There are more than 3,000 tribes on the African continent, but the Hadza of Tanzania are in a category of their own. They’re genetically isolated from most other groups. Their click-based language isn’t closely related to any other tongue. About a quarter of their thousand members still live in the old hunter-gatherer way: collecting berries and digging up tubers, hunting animals with poisoned arrows and moving constantly from camp to camp. Archaeologists believe that people very much like the Hadza have been living on the same land since the Stone Age.

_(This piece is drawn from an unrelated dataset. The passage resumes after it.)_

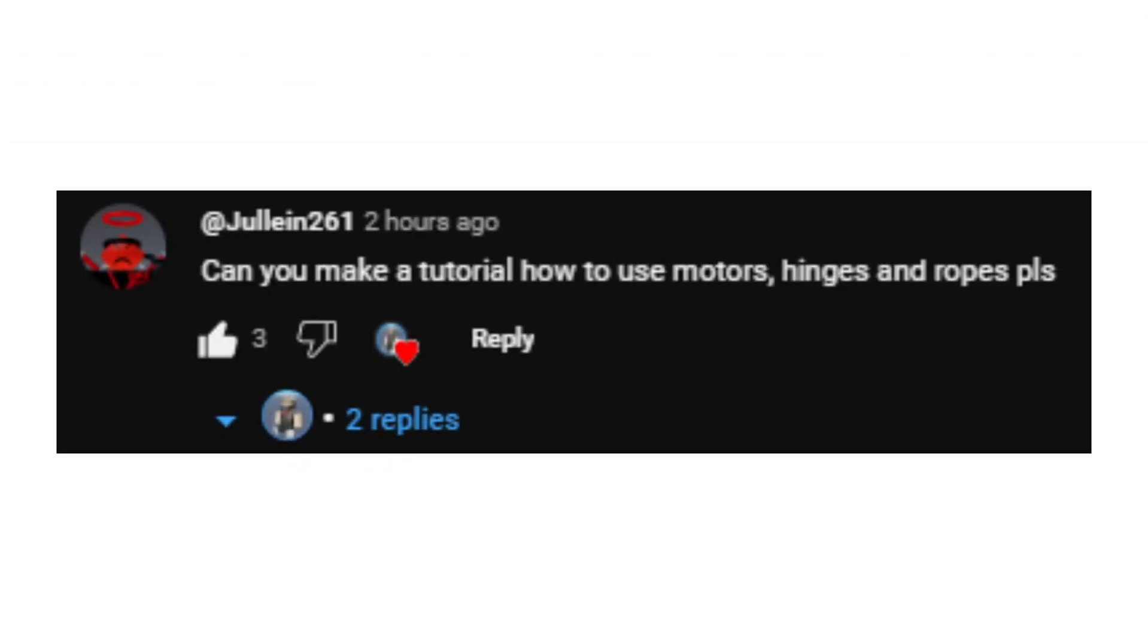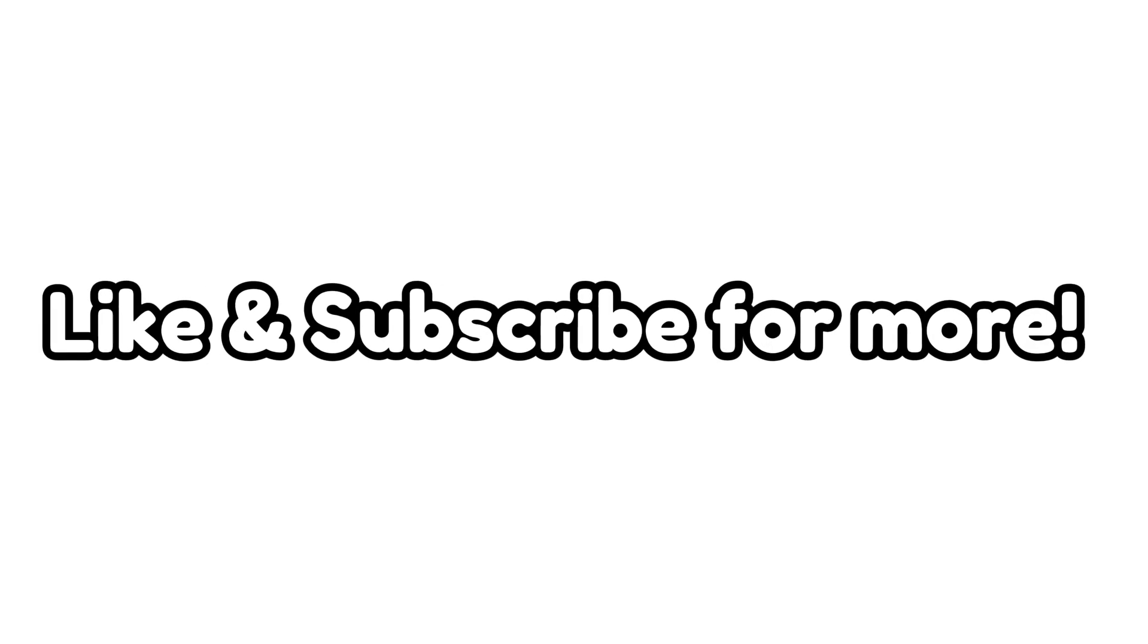I hope this video helped. Shout out to Juline261 for the video idea. Like and subscribe for more. See ya.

When Christopher Wilson set out to photograph members of this remote tribe, he and his guide had to drive off-road through an expanse of rough, arid land. After wandering on foot, they eventually reached an encampment and set up a makeshift studio right on the spot. Members of the tribe helped hold up his tent.
He had a very different experience photographing two other Tanzanian tribes. The stately, cow-herding Masai were easy to find: They live in established villages near major tourist spots. “We shot their portraits in a cinder-block church,” he says. “The whole village was laughing and looking in through the windows.”
Like the Masai, the Barabaig—the third tribe Wilson photographed—are relative newcomers to the area. Both groups originated in the Nile region and gave up their hunting-gathering ways long ago. Today, they raise livestock and grow their own crops. The wealthiest families own several thousand head of cattle, divided among numerous sons over vast areas. While Hadza men have been described as serial monogamists, the Masai and Barabaig may have as many as ten wives.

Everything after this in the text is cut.